È lo stesso errore di chi considera la cultura vegan come una scelta alimentare, quando non addirittura una dieta, e non uno stile di vita. Per molti l’animalista è colui che si occupa degli animali o, al limite, dell’animalità, dando per accettate le classiche opposizioni della tradizione umanista.
Perché ci ostiniamo a parlare di “animali”, come se esistesse veramente una categoria omogenea di esseri viventi capaci di fungere da controtermine all’umano?
A ben vedere tale impostazione non riguarda solo gli eterospecifici ma diventa il leitmotiv di ogni forma di emarginazione, sfruttamento, colonialismo, sottomissione.
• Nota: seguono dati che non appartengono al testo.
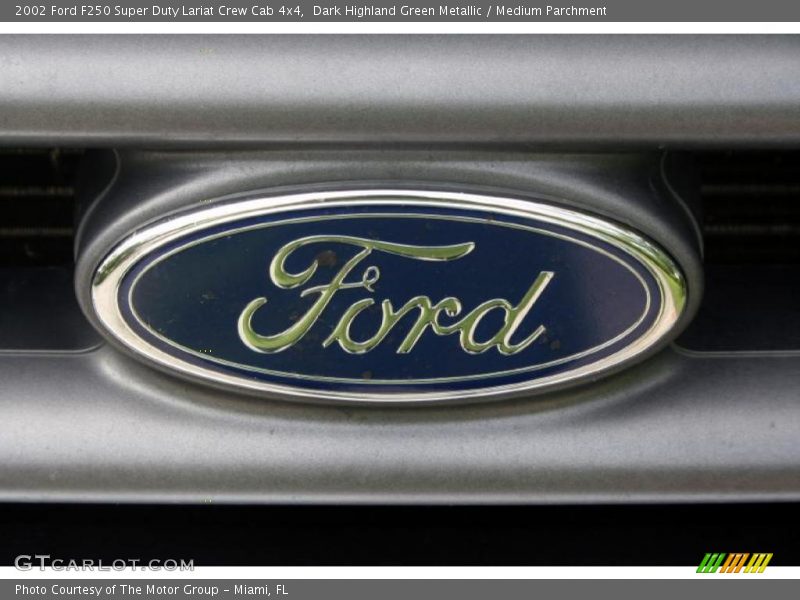 Dark Highland Green Metallic / Medium Parchment 2002 Ford F250 Super Duty Lariat Crew Cab 4x4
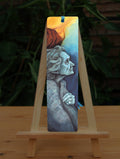 A rectangular bookmark: An elderly woman facing towards the right, coloured in shades of blue and grey.
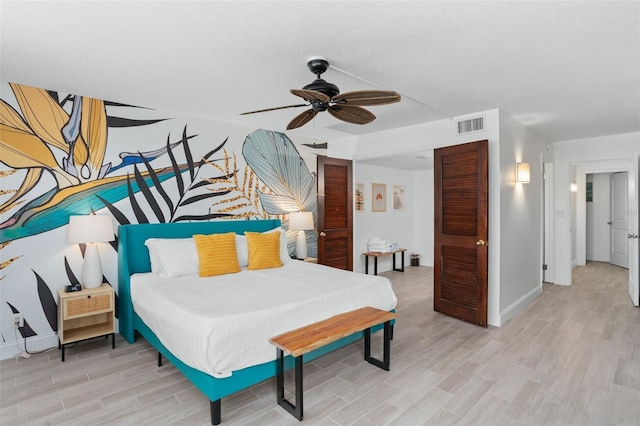 bedroom with ceiling fan and light hardwood / wood-style flooring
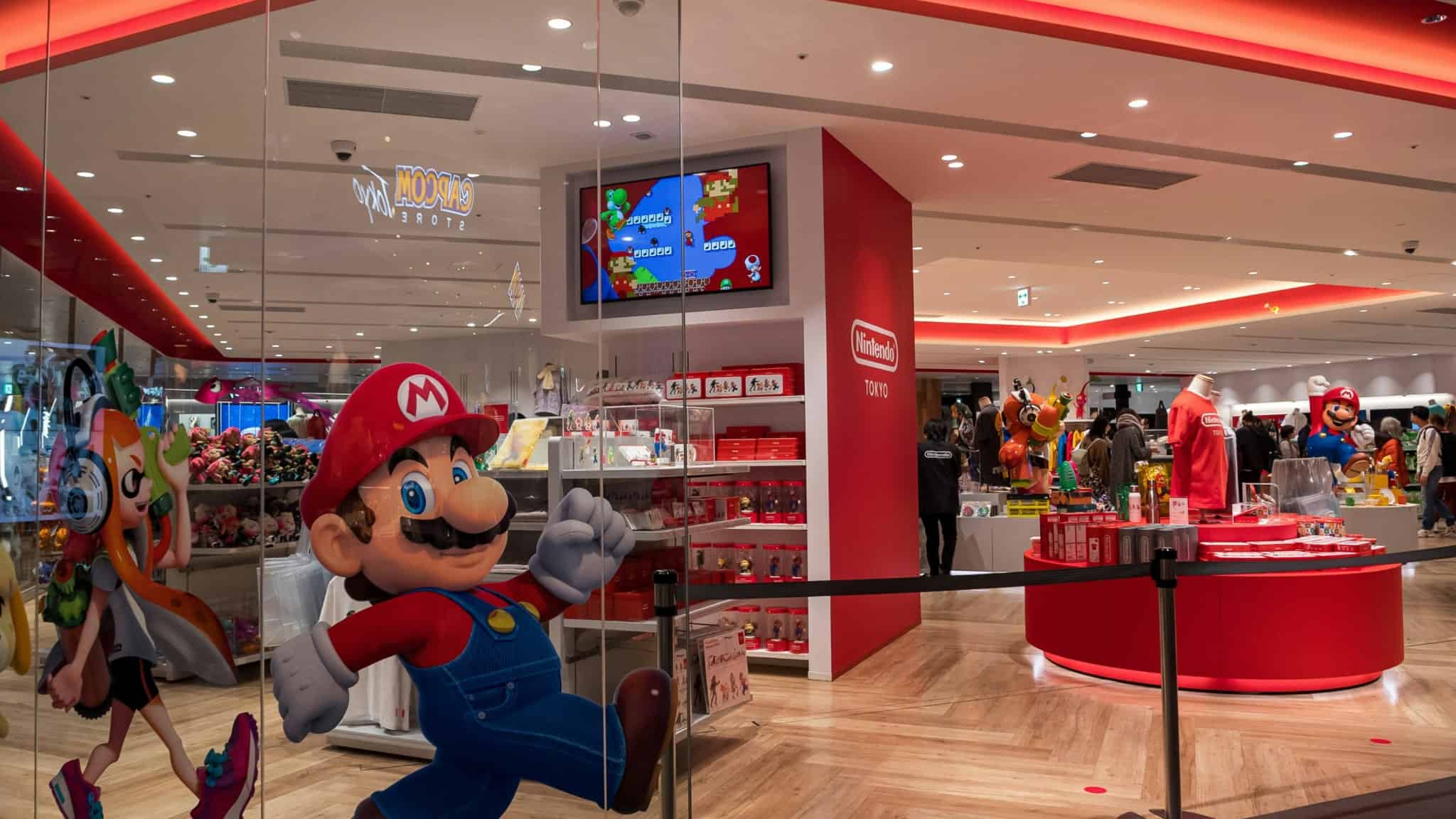 Nintendo store with Mario sticker out front and lots of red displays.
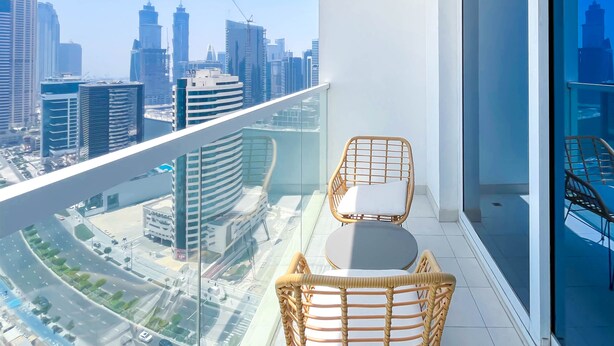 Ein Balkon mit Korbstühlen und einem Tisch, mit Blick auf eine Stadtlandschaft mit modernen Gebäuden.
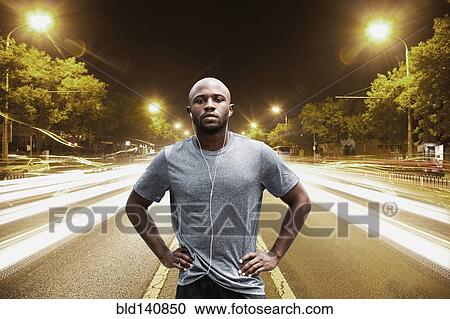 Time lapse view of Black runner standing on city street at night View Large Photo Image Stock Image - Time lapse view of Black runner standing on city street at night. Fotosearch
Si tratta di un’operazione che ha come espressione esemplare l’idea umanistica di un’entità universale – l’Uomo di Vitruvio di Leonardo da Vinci – centro gravitazionale al cui cospetto ogni ente deve accettare di venir misurato e assegnato a un luogo orbitale, la cui distanza dal fulcro indica parimenti il grado di differenza e l’indice di inferiorità.
Identificare una meta incarnata, quel corpo centro dell’universo, rappresentò per gli Umanisti il modo per trasferire la dottrina della salvezza nel mito del progresso attraverso un ideale universale. Tuttavia questo significò enfatizzare quelle tendenze di rifiuto e stigmatizzazione della diversità già presente nella cultura ellenica nel concetto di oi barbaroi. Abbattere la dialettica dell’esclusione significa sostanzialmente: 1) mettere in discussione queste coppie oppositive, dimostrando il loro carattere strumentale, attraverso l’apertura di un panorama assai più complesso di varietà e parimenti la messa in luce di confini sfumati e di transizioni tra le diverse polarità; 2) rimarcare il carattere inclusivo e ibridativo di ogni evento dialogico e relazionale, che non determina mai un riconoscimento identitario per opposizione, ma sempre una contaminazione.
In realtà ci troviamo di fronte a un’interpretazione della natura fortemente piegata allo scopo di sostenere quanto già dato in premessa, attraverso acrobazie tautologiche, del tipo “l’uomo è superiore agli animali perché è umano”, vale a dire perché presenta una serie di qualità che sono caratteristiche della nostra specie. Sarebbe come dire che “un bianco è superiore a un nero perché è bianco”. L’appello alle leggi della natura è quanto mai fruibile per dimostrare qualunque tesi, giacché in natura possiamo riscontrare ogni eventualità.
La natura non ha un’ideale da raggiungere, una salvezza trascendente o un progresso, non stabilisce norme e non conosce il concetto di perfezione, perché nel grande calderone della vita ogni cosa viene continuamente messa in discussione. Essere antispecista significa pertanto avere un’idea completamente diversa della natura, assai meno statica e conservatrice di come in genere si è soliti raffigurarla con stile oleografico.
E soprattutto significa abbandonare, insieme a ogni forma di pregiudizio, l’appello alla normalità, perché già in esso si nasconde la madre di tutte le forme di emarginazione.